**TASK REQUIREMENTS**
In your copy, leave out the pictures; write out all the data exactly.

**AVAILABLE DATA**
***

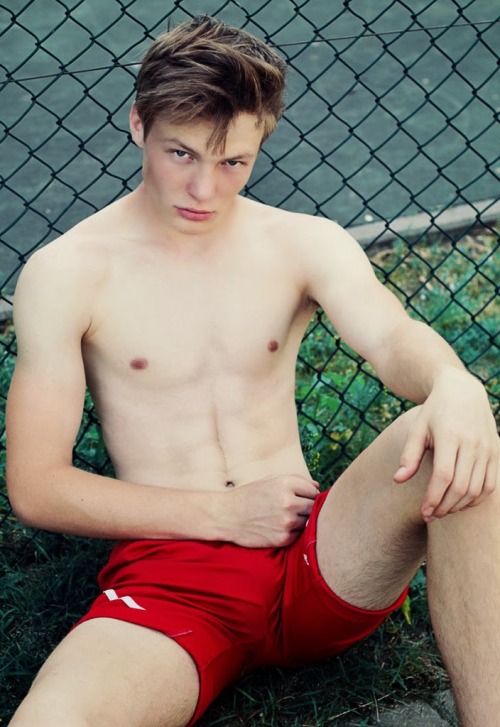 amazingbiboy:  Hotness 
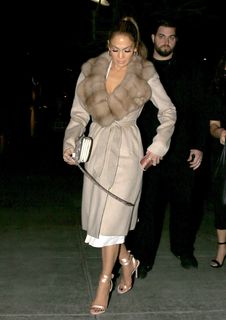 Jennifer Lopez feet photo thumbnail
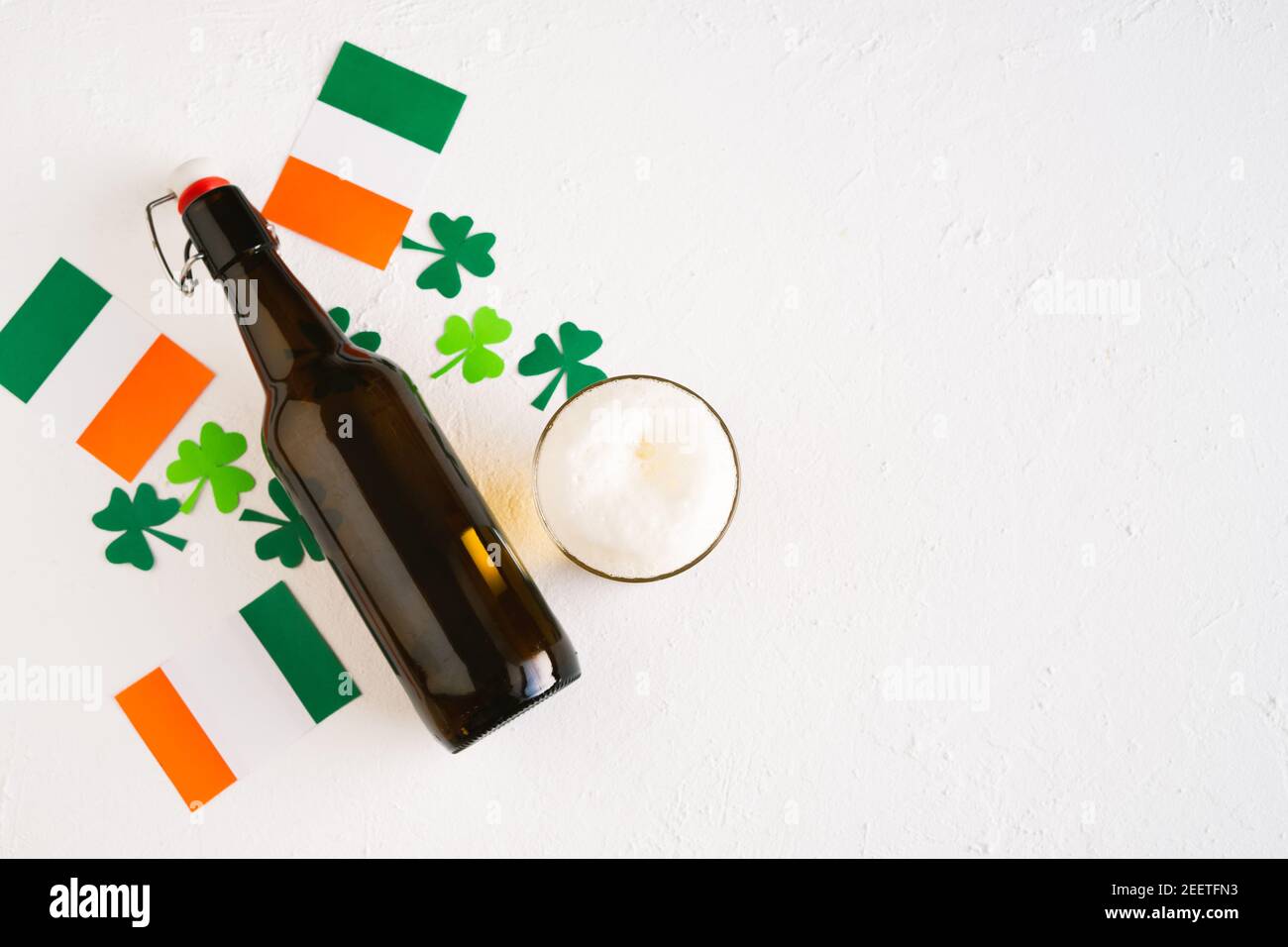 Fête de la Saint-Patrick. Bière décorée de drapeaux irlandais et de shamrock. Copier l'espace. Vue de dessus. Banque D'Images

***

**FINISHED EXERCISE**
 amazingbiboy:  Hotness 
 Jennifer Lopez feet photo thumbnail
 Fête de la Saint-Patrick. Bière décorée de drapeaux irlandais et de shamrock. Copier l'espace. Vue de dessus. Banque D'Images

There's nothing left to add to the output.